Para su protagonista, el impacto del proyecto trasciende la pantalla. “Me dejó una nueva forma de ver el mundo. Entender la discapacidad desde otro lugar, pero también la importancia de ser auténtica”, reflexionó la colombiana.
Al compartir sobre cuánto se parece o no, a María José Cano, Paulina Dávila reconoce una conexión inevitable, aunque matizada.

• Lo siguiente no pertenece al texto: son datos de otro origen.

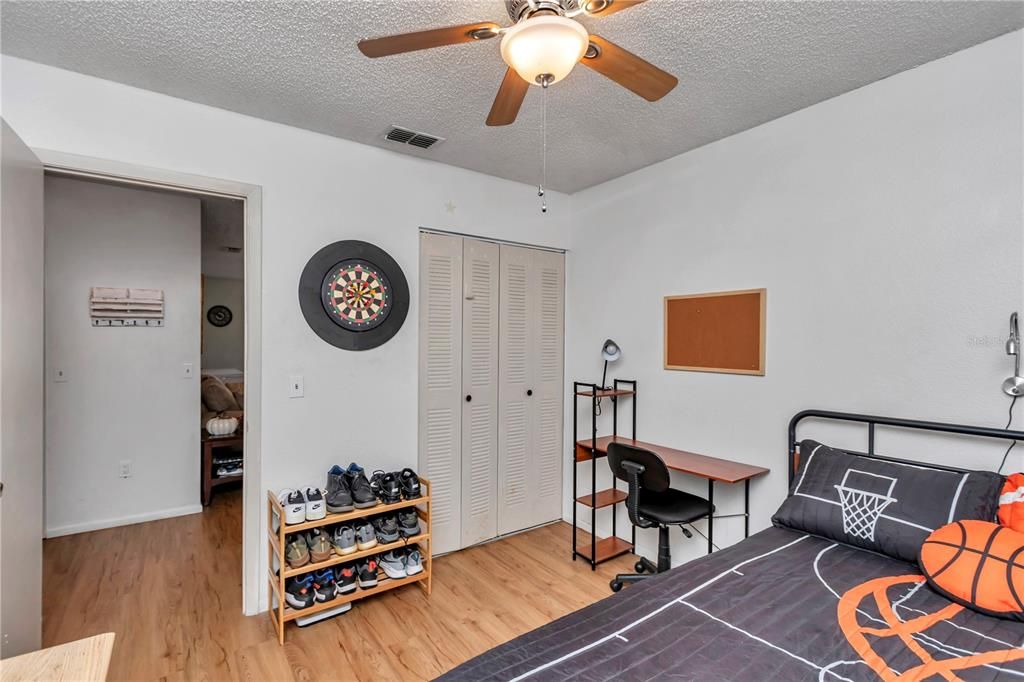 En Venta: $185,000 (3 camas, 2 baños, 1148 Pies cuadrados)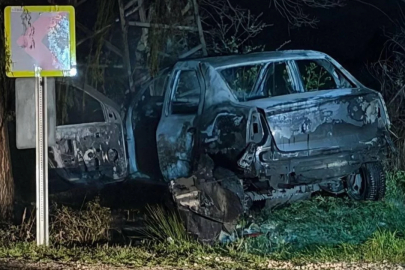 Bursa'da otomobil küle döndü!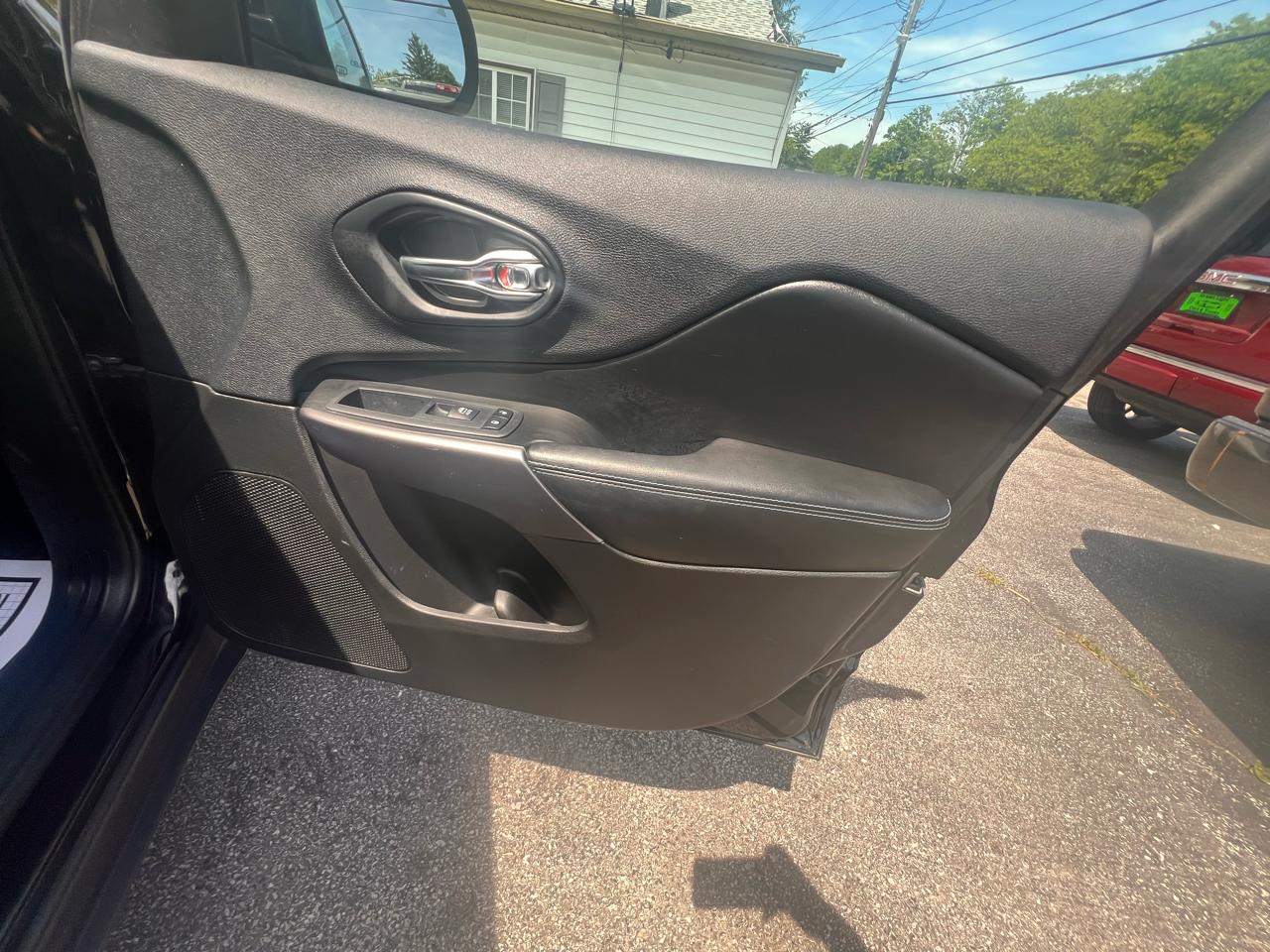 Jeep Cherokee Latitude Plus 4x4 2019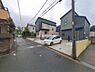 外観：前面道路を含めた現地写真です。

La actriz admite que muchas partes de sí misma nutrieron al personaje, pero también marca distancia en aspectos esenciales; mientras admira la intensidad y la pulsión de “Santita” por llevar la vida al límite, incluso colocándose en situaciones vulnerables, asegura que su propia forma de habitar el mundo es distinta. “Le presté cosas mías, pero también ella tiene una manera de retar la vida que no es la mía”, sugiere Dávila, dejando ver que el personaje es, al mismo tiempo, espejo y territorio ajeno, una construcción donde lo personal se entrelaza con lo imaginado
Desde una narrativa muy honesta y emocional, “Santita” llega como una propuesta que busca sí entretener pero además provocar opiniones en el público. En un contexto donde la oferta de series suele inclinarse por fórmulas conocidas, el proyecto se presenta como una propuesta que apuesta por la complejidad de sus personajes y la apertura de nuevas conversaciones.Con su estreno mañana en Netflix, la producción se perfila como una opción relevante dentro de la ficción mexicana contemporánea, tanto por su tratamiento narrativo como por los temas que aborda, por lo que se coloca como un título a considerar dentro de la agenda de estrenos de la plataforma.—DARINKA RUIZ MORIMOTO
De un vistazo
Debut televisivo
La serie “Santita”, que está conformada por siete capítulos de 40 minutos, marca el debut actoral de Sally Quiñonez, actriz con discapacidad, en un esfuerzo por ampliar la representación en pantalla.
Atractivo elenco
La química entre el elenco, que incluye a Erik Hayser e Ilse Salas, fue otro de los pilares del proyecto de Netflix, que estará disponible mañana.